→ **What to do**: Take the data from its first line. Print each line exactly until the line containing "4Pcs Skull Tire" has been printed too.

Records supplied: Begin

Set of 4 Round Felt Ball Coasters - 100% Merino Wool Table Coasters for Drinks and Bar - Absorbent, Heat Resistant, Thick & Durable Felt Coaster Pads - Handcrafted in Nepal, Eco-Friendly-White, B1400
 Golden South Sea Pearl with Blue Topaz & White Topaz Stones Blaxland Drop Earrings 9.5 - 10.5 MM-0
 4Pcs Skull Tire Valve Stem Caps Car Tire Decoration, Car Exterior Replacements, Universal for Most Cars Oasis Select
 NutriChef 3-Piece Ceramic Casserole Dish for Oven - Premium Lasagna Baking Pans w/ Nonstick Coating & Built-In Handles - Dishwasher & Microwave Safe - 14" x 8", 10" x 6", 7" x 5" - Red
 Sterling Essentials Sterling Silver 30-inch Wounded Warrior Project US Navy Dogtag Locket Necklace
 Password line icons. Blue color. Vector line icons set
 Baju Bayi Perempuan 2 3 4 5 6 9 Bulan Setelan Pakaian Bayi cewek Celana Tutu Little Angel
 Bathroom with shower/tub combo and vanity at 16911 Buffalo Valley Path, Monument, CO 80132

Records supplied: End

→ **Answer for this exercise**:
Set of 4 Round Felt Ball Coasters - 100% Merino Wool Table Coasters for Drinks and Bar - Absorbent, Heat Resistant, Thick & Durable Felt Coaster Pads - Handcrafted in Nepal, Eco-Friendly-White, B1400
 Golden South Sea Pearl with Blue Topaz & White Topaz Stones Blaxland Drop Earrings 9.5 - 10.5 MM-0
 4Pcs Skull Tire Valve Stem Caps Car Tire Decoration, Car Exterior Replacements, Universal for Most Cars Oasis Select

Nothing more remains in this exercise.